Jackson quickly confessed to Newport News detectives, authorities said. Dorsett, 29, was convicted of first-degree murder and sentenced to 135 years.
In the last-minute petition to the federal appeals court in Richmond, Jackson's attorneys argued that Virginia's execution method violates constitutional bars against cruel and unusual punishment. Yesterday, the court rejected that petition as well as a previous challenge to the three-drug method of lethal injection by another death row inmate, Christopher S. Emmett, whose attorneys alleged that prisoners are not fully anesthetized before being given drugs that cause severe pain.
The clemency request to Kaine said evidence showed that it was Dorsett who used the cane to kill Kaiser.

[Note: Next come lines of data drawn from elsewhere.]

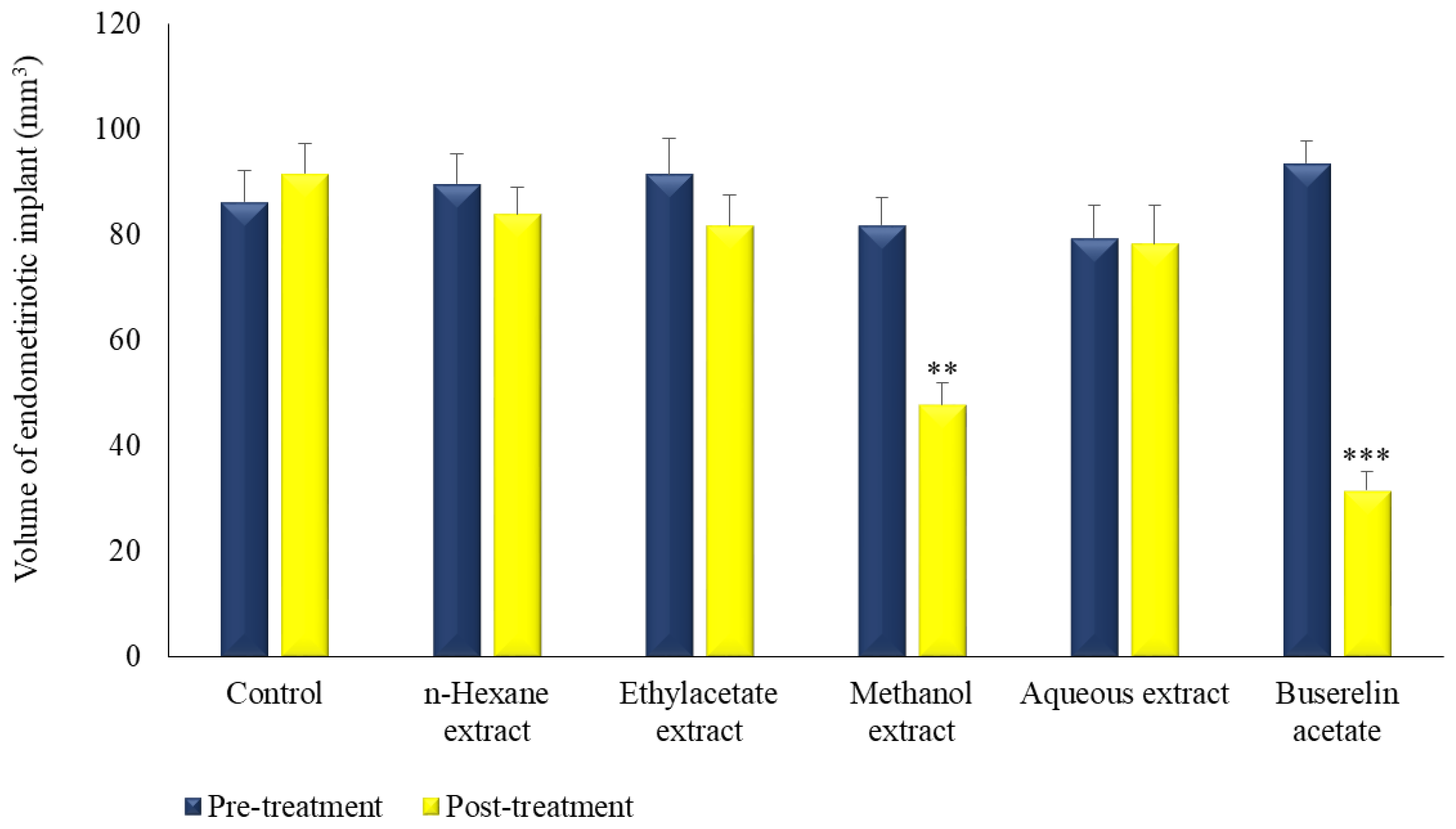 Molecules 27 07869 g002 Molecules 27 07869 g002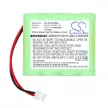 Dual NA2000D08C101 helyettesítő rádió akkumulátor (NiMh, 1500mAh / 12.6Wh, 8.4V) - Utángyártott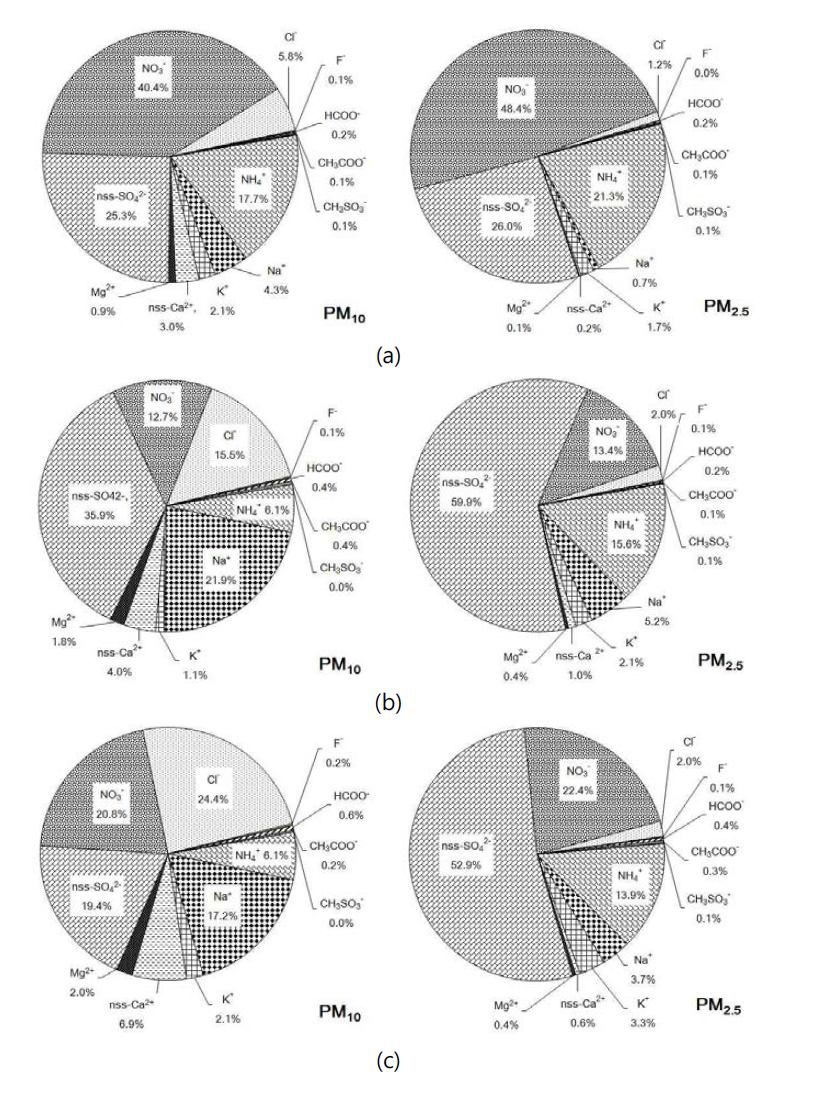 Composition ratios of ionic species in PM10 and PM2.5 aerosols during (a) haze, (b) Asian dust and (c) mixed haze-Asian dust events.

"You have two defendants, one less culpable than the other, and [Jackson] is getting death, and the other one got a term of years," Andrew A. Protogyrou, one of Jackson's attorneys, said yesterday afternoon. "That's the arbitrariness of the death penalty."
Traylor said Jackson spent yesterday afternoon meeting with relatives and a spiritual adviser. He requested a final meal but did not want its contents made public, Traylor said.
Jackson was the 101st inmate executed in Virginia since the Supreme Court reinstated capital punishment in 1976. That total is second only to that of Texas, which has executed 406 inmates since 1976.